» DATA BLOCK
- - - - - - -
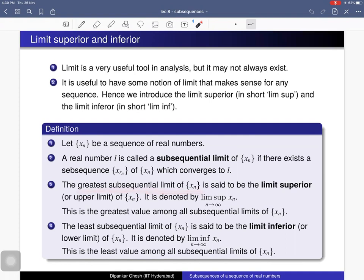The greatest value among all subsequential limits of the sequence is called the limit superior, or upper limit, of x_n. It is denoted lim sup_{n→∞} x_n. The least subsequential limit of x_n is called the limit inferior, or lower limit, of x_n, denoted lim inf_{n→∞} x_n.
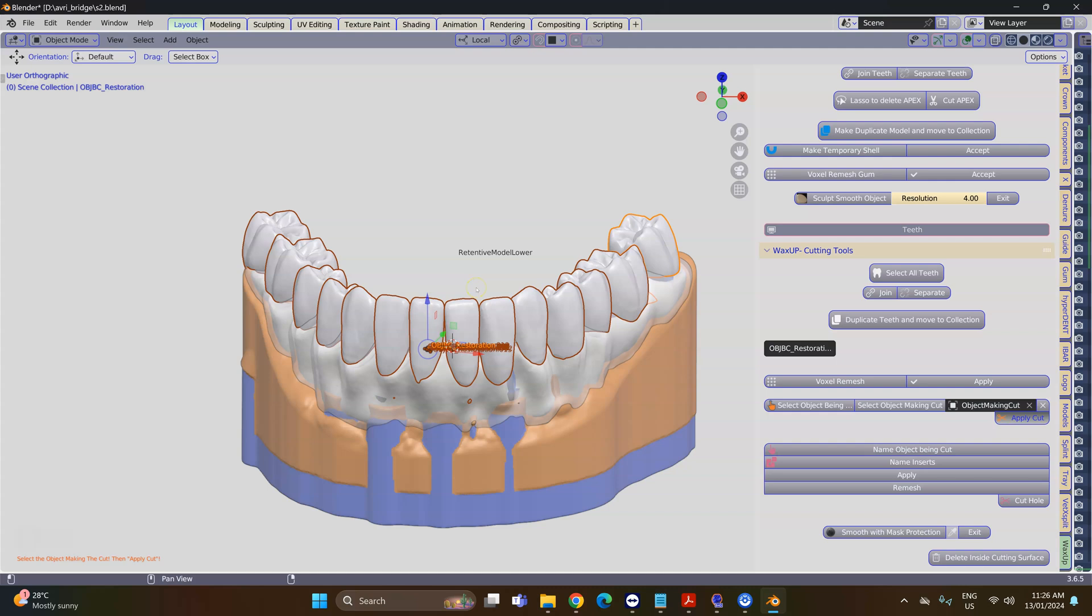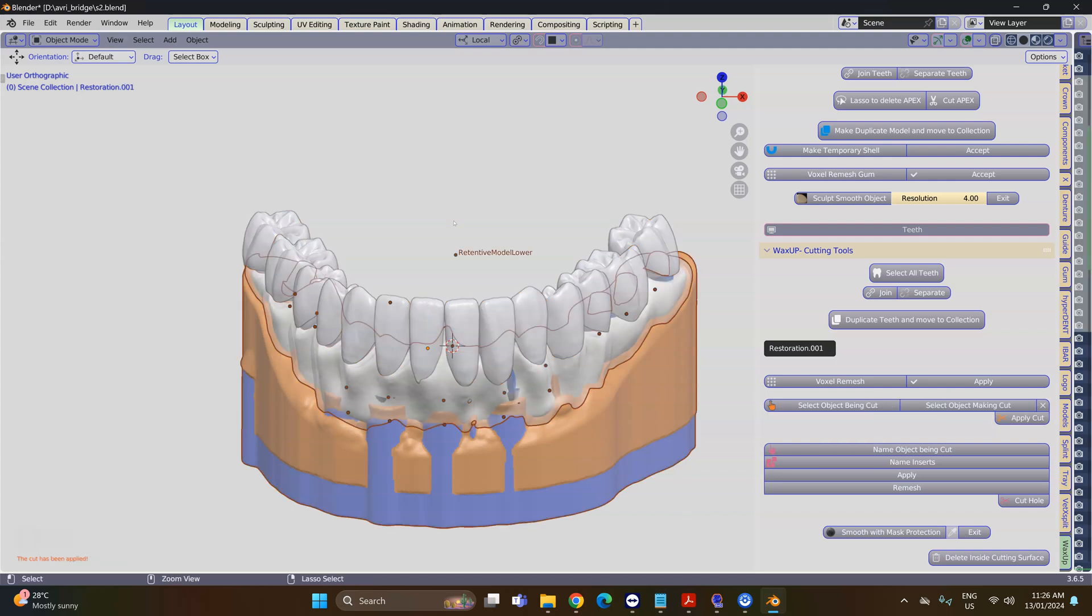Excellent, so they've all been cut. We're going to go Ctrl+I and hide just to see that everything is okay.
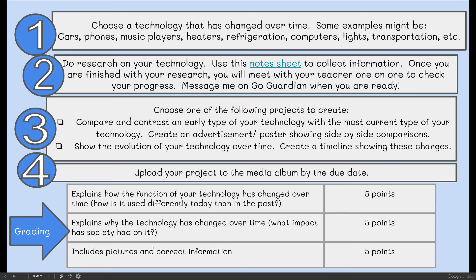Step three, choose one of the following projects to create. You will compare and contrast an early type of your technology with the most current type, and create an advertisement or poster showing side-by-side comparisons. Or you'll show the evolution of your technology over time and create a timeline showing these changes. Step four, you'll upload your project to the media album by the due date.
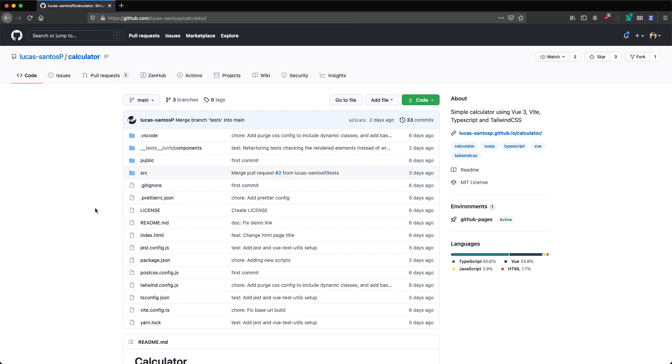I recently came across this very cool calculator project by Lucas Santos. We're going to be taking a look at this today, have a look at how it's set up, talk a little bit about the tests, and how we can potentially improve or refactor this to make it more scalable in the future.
- - - - - - -
» REQUIRED WORK
Could you give all of the data again exactly as written, omitting any pictures?

» RESPONSE AREA
The greatest value among all subsequential limits of the sequence is called the limit superior, or upper limit, of x_n. It is denoted lim sup_{n→∞} x_n. The least subsequential limit of x_n is called the limit inferior, or lower limit, of x_n, denoted lim inf_{n→∞} x_n.
Excellent, so they've all been cut. We're going to go Ctrl+I and hide just to see that everything is okay.
Step three, choose one of the following projects to create. You will compare and contrast an early type of your technology with the most current type, and create an advertisement or poster showing side-by-side comparisons. Or you'll show the evolution of your technology over time and create a timeline showing these changes. Step four, you'll upload your project to the media album by the due date.
I recently came across this very cool calculator project by Lucas Santos. We're going to be taking a look at this today, have a look at how it's set up, talk a little bit about the tests, and how we can potentially improve or refactor this to make it more scalable in the future.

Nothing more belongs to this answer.